If there is one gripe I have with horror movies going back as far as I can remember was that they were adept at scaring me when I was a little kid but as a jaded adult it takes a lot to shake me. There are no real scares to be found. The complexities of what is scary have become so multidimensional that I’m at a point far beyond where most production companies and studios draw the line. Even the most intellectual horror movie has to settle on the lowest common denominator that it is comfortable with if it intends to draw any audience at all. Bug doesn’t seem to concern itself with the politics of studio horror and I suppose that is why it appealed to me.
William Friedkin, director of The Exorcist and the completely awesome French Connection (among other awesome flicks) had been busy deflecting the marketing of Bug that wanted you to believe that it was like Saw. He even went so far as to call his movie a black comedy about love and paranoia. I have no idea what he found so funny in the script as Bug easily classifies itself as one of the most ghastly movies I’ve seen in recent memory, detailing one man’s descent into paranoid delusion and the woman that he brings along for the ride.

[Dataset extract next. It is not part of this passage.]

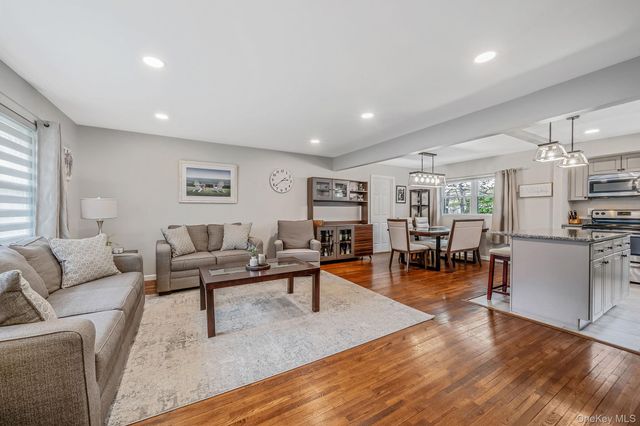 19 Pumpkin Road, Saint James, NY 11780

It may not fit easily into one genre, definitively, but many of parts are clearly labelled horror. A horror movie doesn’t have to be hack and slash and I’ve found that the ones that stick with me are the ones that forsake the typical trappings of carving and cutting in favor of a disturbing lack of reason and sanity. Bug has many components, mostly about love and loneliness but there is also a startling element that focuses on the distance we’ll go to preserve our illusions.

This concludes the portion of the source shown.